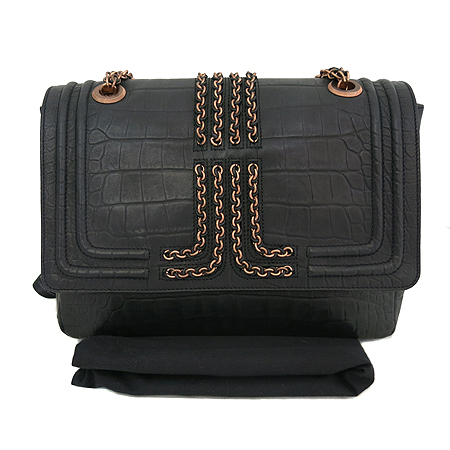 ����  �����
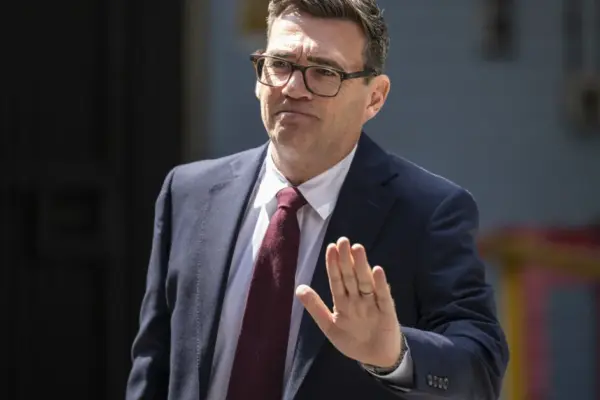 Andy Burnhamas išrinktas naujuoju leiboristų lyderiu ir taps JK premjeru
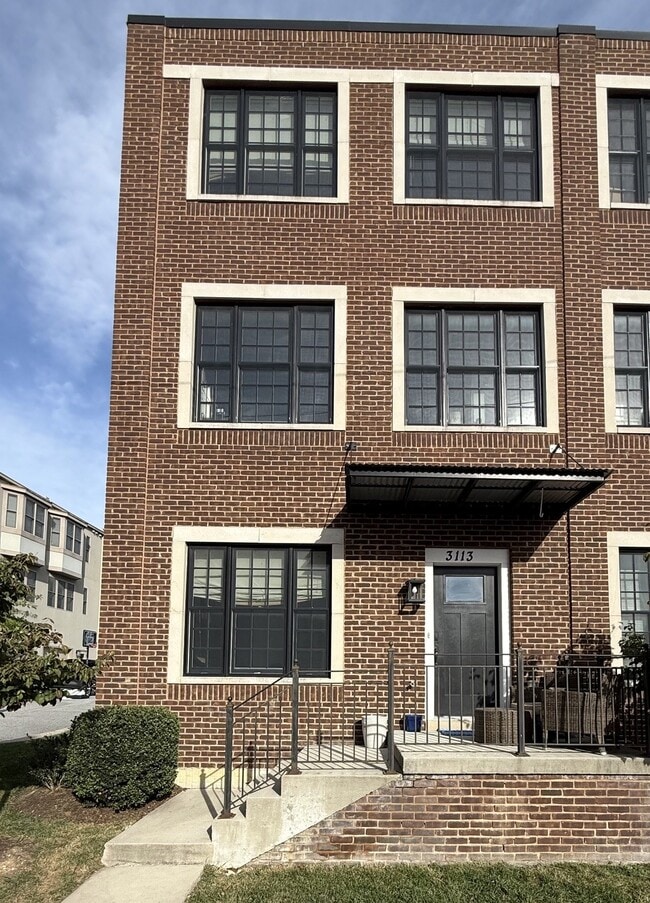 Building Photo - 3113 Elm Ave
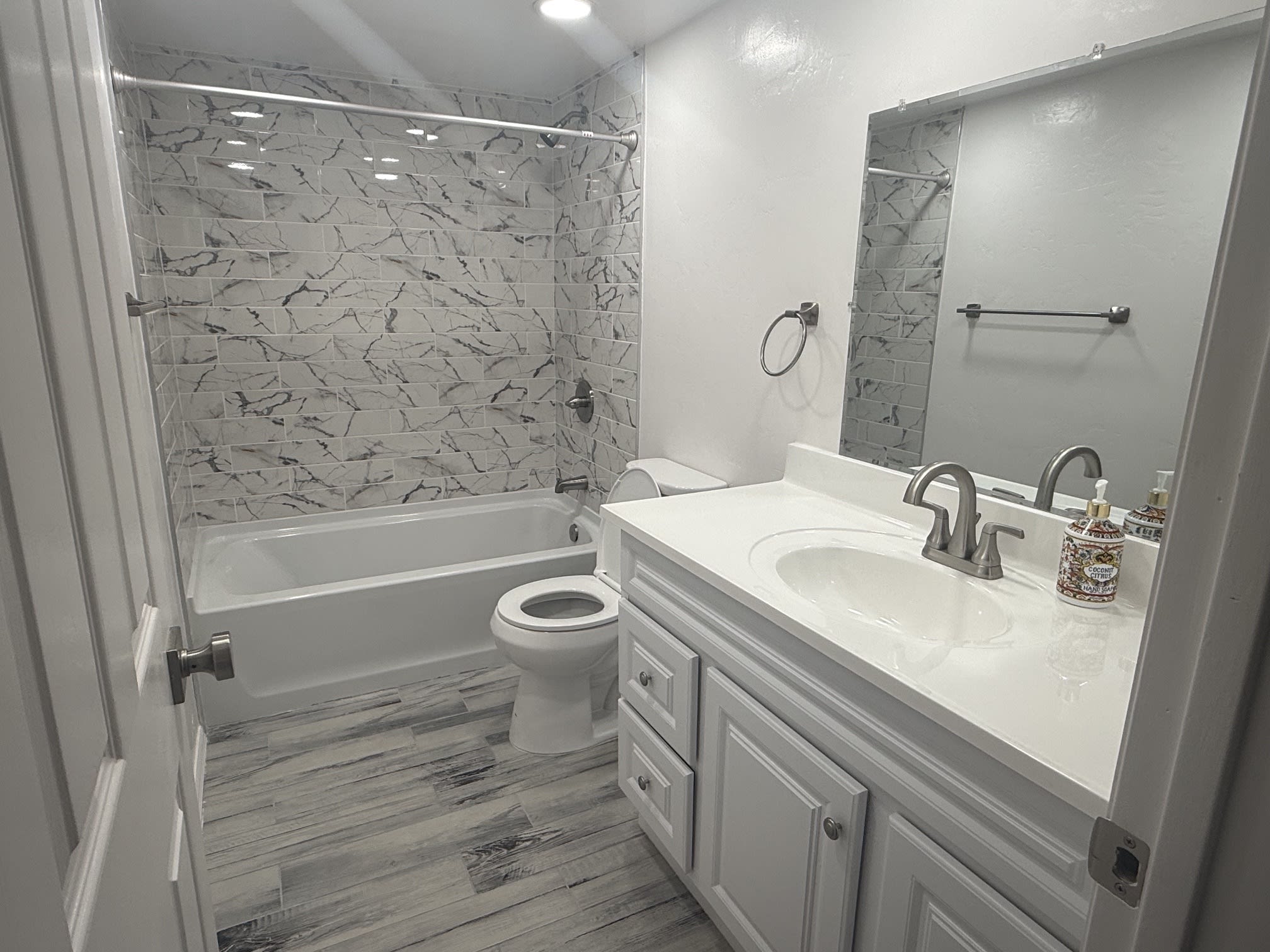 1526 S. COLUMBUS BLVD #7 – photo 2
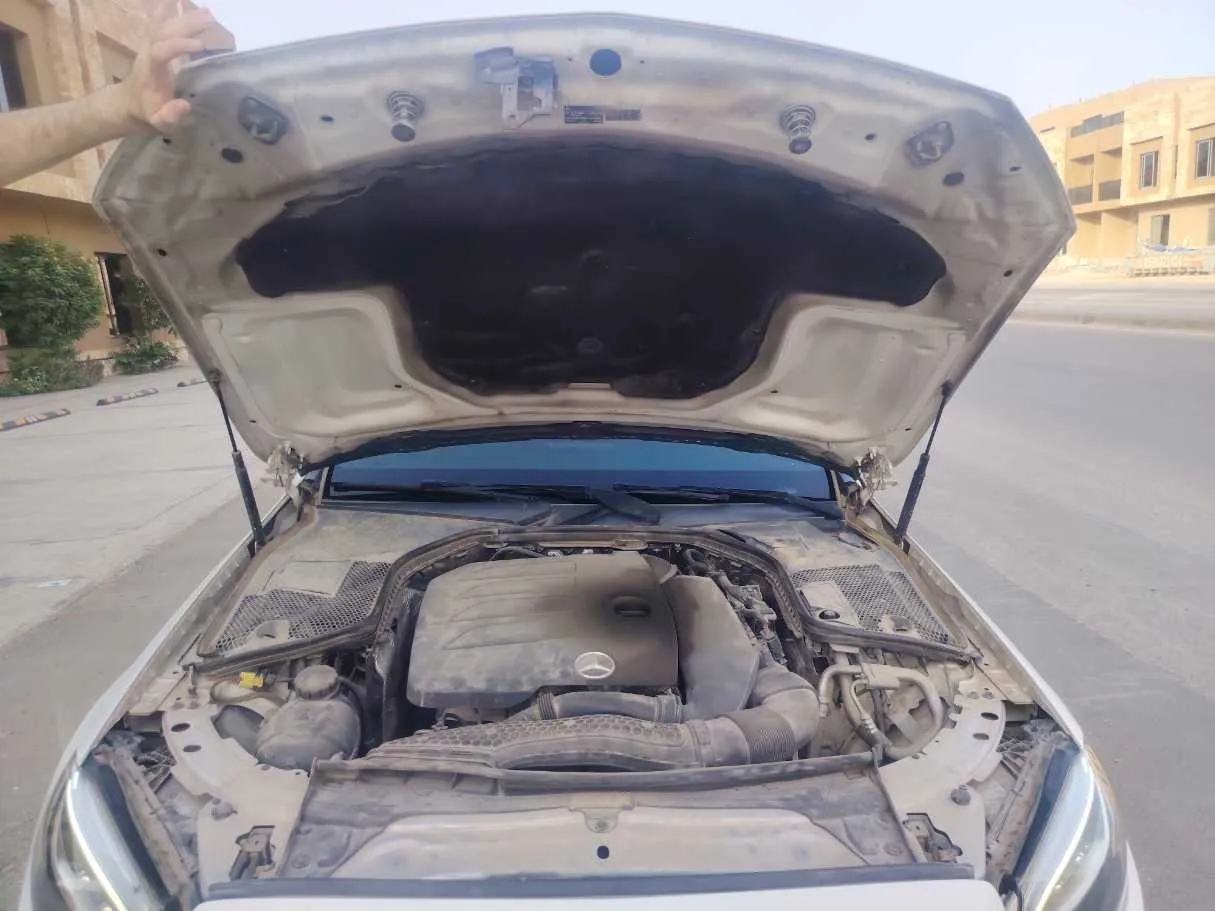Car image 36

===============

Output exactly the lines from the one that has "Andy Burnhamas išrinktas" through the end of the data. Do not include pictures.

 Andy Burnhamas išrinktas naujuoju leiboristų lyderiu ir taps JK premjeru
 Building Photo - 3113 Elm Ave
 1526 S. COLUMBUS BLVD #7 – photo 2
Car image 36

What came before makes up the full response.